Au reste ie n'entre point icy en question
du lieu d'ou elle a esté escrite , ni de
ceux ausquels le Sainct Apostre donna charge
de la porter à Thessalonique : Mais bien
croy ie deuoit icy dire quelque chose de plus
precis,que ie n'ay peu faire encore touchant
le but de l'Apostre,cela mesme ayant vne necessaire
liaison auec ce que nous auons deduit
de l'occasion,qui l'a particulierement inuité
à leur escrire , veu mesmes qu'ainsi que
l'a obserué Theodoret il est bien à croire,que
ce fut le rapport de Timothée,que Sainct
Paul fonde le choix des matieres principales
dont il composa le corps de ceste Espitre.

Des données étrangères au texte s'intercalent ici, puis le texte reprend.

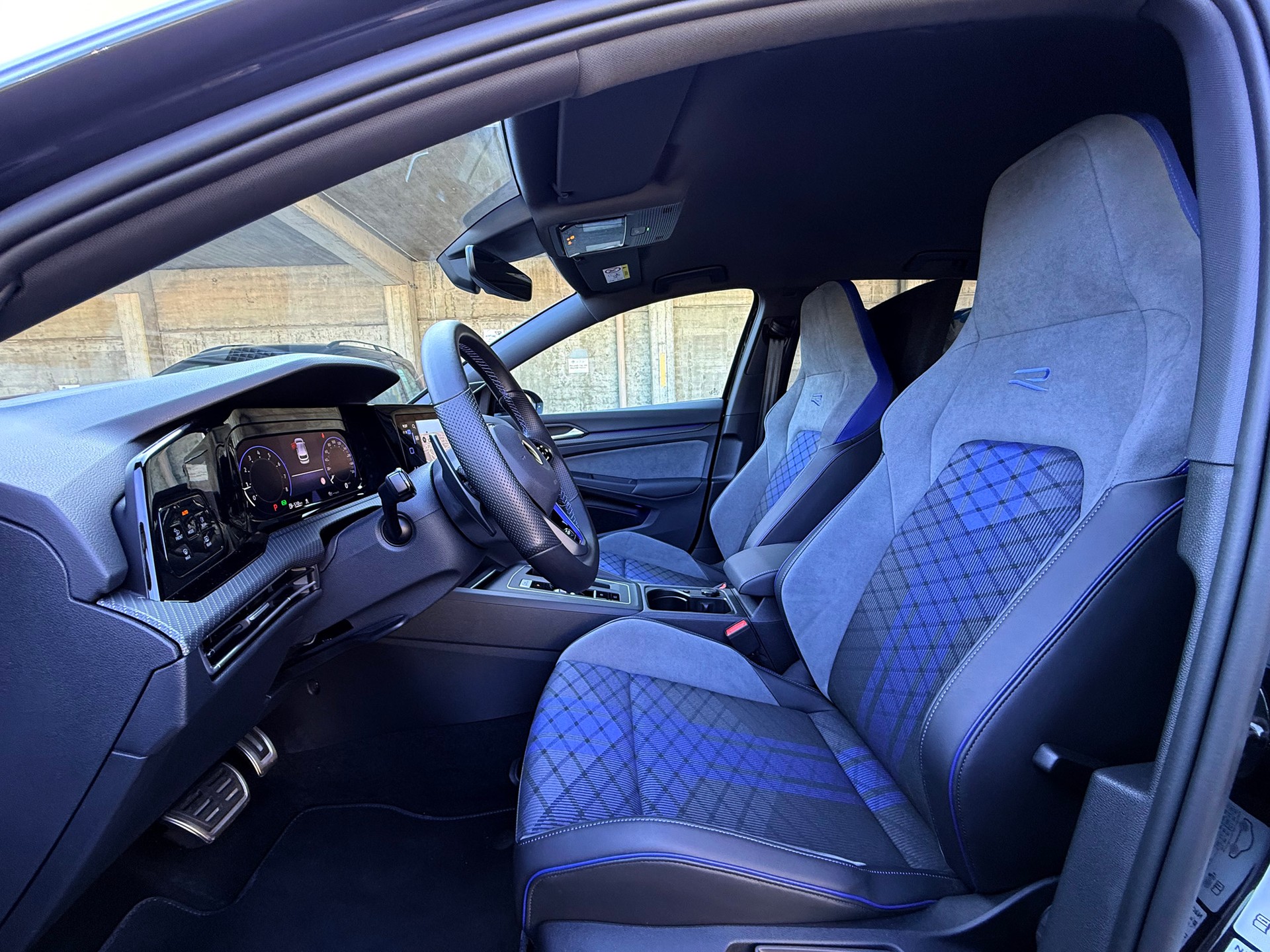 VW Golf 2.0 TSI R DSG 4Motion-image-5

Qui fait croire que comme il leur auoit loüé
leur constance , & leur fermeté , tant contre
les violentes attaques , qui leur auoyent esté
[liurées,]
liurées,que contre les trompeuses inductions
des faux Apostres , il luy auoit aussi descouuert
les principaux artifices par lesquels on
les auoit voulu surprendre, & quelles vaines
questions on auoit semé parmy eux, qui d'ailleurs
auoyent besoin d'vn serieux auertissement
à tesmoigner plus de moderation,qu'ils
n'en obseruoyent en la mort de leurs amys,
& de leurs proches.
C'est pourquoy, Mes freres , Sainct Paul
pour les animer de plus en plus à bien faire
loue d'entrée leur resolution & leur courage,
& afin que leur cœur ne s'en esleuast
point,il les a obligez de considerer , que tout
cela ne venoit d'ailleurs que de la grace misericordieuse
du Seigneur , qui par là faisoit
cognoistre,qu'il les auoit esleus en sont Christ
dés auant les siecles:comme dés l'arriuée de
sainct Paul au milieu d'eux il l'auoit bien fait
remarquer par l'effect de son employ , de la
franchise duquel il prend d'ailleurs à tesmoin
leurs consciences , les inuitant tacitement à
considerer la difference qu'il y auoit entre la
façon d'agir & celle des faux Apostres. Et
pource qu'encore qu'il les loüe tous en gros,
neantmoins ils n'estoyent pas en detail de
mesme force , il leur a donné de sommaires
auertissemens , pour les animer à la saincteté
de vie , & pour y exciter particulierement
ceux, qui pouuoyent estre les plus paresseux
A quoy il adiouste de belles leçons touchant
la resurrection des morts , & l'aduenement
dernier de nostre Seigneur Iesus:faisant bien
voir que la condition des fideles , qui seront
morts auant cette apparition ne sera pas inferieure
à celle de ceux , que le Seigneur trouuera
viuans en ce temps là. Et apres auoir
traitté vn peu diffusément de ces points , il
poursuit par la recommandation de plusieurs
preceptes assez courts, qu'il donne sur diuerses
matieres. Et conclud enfin par vn vœu solennel
pour les Thessaloniciens,ausquels cependant
il se recommande comme il leur recommande
à tous la lecture de cette Epistre,
& les recommande tous à la grace du Seigneur ,
finissant en singulier combien que
d'entrée il en eust nommé deux autres auec
luy.
A quoy mes chers freres, il nous faut maintenant
reuenir , comme à ce qui fait l'entrée
de la tasche particuliere que nous auons prise.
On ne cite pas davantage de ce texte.